Vallands ToZero-Projekt verwandelt Schrott in 3D-druckbares Metall

Der italienische Additive-Hersteller Valland hat gemeinsam mit der Politecnico di Torino, der Politecnico di Bari und der Fontana Group im Rahmen des italienischen ToZero-Projekts bestätigt, dass recycelter Automobil-Aluminiumschrott in Pulver für das Laserschmelzen (LPBF) umgewandelt werden kann.

Der italienische Additive-Hersteller Valland hat gemeinsam mit der Politecnico di Torino, der Politecnico di Bari und der Fontana Group im Rahmen des italienischen ToZero-Projekts bestätigt, dass recycelter Automobil-Aluminiumschrott in Pulver für das Laserschmelzen (LPBF) umgewandelt werden kann. Dies reduziert den CO2-Fußabdruck eines Demonstratorteils, obwohl eine noch bestehende Lücke bei der Druckgeschwindigkeit besteht.

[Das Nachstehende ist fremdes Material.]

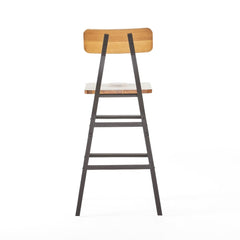 Set of 2 Acacia Wood Bar Stool 28-inch Laminated Acacia Wood Creates Stable Seats and Backs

Das ToZero-Projekt, das unter dem Dach der italienischen Accordi per l'Innovazione gefördert wird, zielt darauf ab, innovative Lösungen für die Kreislaufwirtschaft im Automobilsektor zu entwickeln. Durch die Umwandlung von Aluminiumschrott aus Altfahrzeugen in ein hochwertiges Pulver für den 3D-Druck leistet Valland einen wichtigen Beitrag zur Nachhaltigkeit und Ressourcenschonung. Dieser Prozess ermöglicht es, wertvolle Materialien wiederzuverwenden und gleichzeitig die Abhängigkeit von neu abgebauten Rohstoffen zu verringern.

Die Zusammenarbeit zwischen Valland und den renommierten technischen Universitäten Politecnico di Torino und Politecnico di Bari sowie der Fontana Group hat entscheidend zur erfolgreichen Umsetzung dieses ambitionierten Projekts beigetragen. Die akademischen Partner brachten ihr tiefgreifendes Wissen in Materialwissenschaften und Fertigungstechnologien ein, während die Fontana Group als Experte für die Aufbereitung und Verarbeitung von Metallabfällen fungierte. Gemeinsam gelang es, einen Prozess zu etablieren, der nicht nur technisch machbar, sondern auch wirtschaftlich vielversprechend ist.

Die Anwendung des gewonnenen Aluminiumpulvers im Laser Powder Bed Fusion (LPBF)-Verfahren eröffnet neue Möglichkeiten für die Herstellung komplexer Bauteile im Automobilbereich. LPBF ist eine additive Fertigungstechnologie, bei der Metallpulver schichtweise durch einen Laser aufgeschmolzen und verbunden wird, was eine hohe Designfreiheit und die Produktion von Leichtbauteilen ermöglicht. Die Reduzierung des CO2-Fußabdrucks eines Demonstratorteils ist ein deutlicher Beweis für die ökologischen Vorteile des ToZero-Projekts. Dennoch wird die Forschung fortgesetzt, um die Druckgeschwindigkeit weiter zu optimieren und die Effizienz des Verfahrens zu steigern.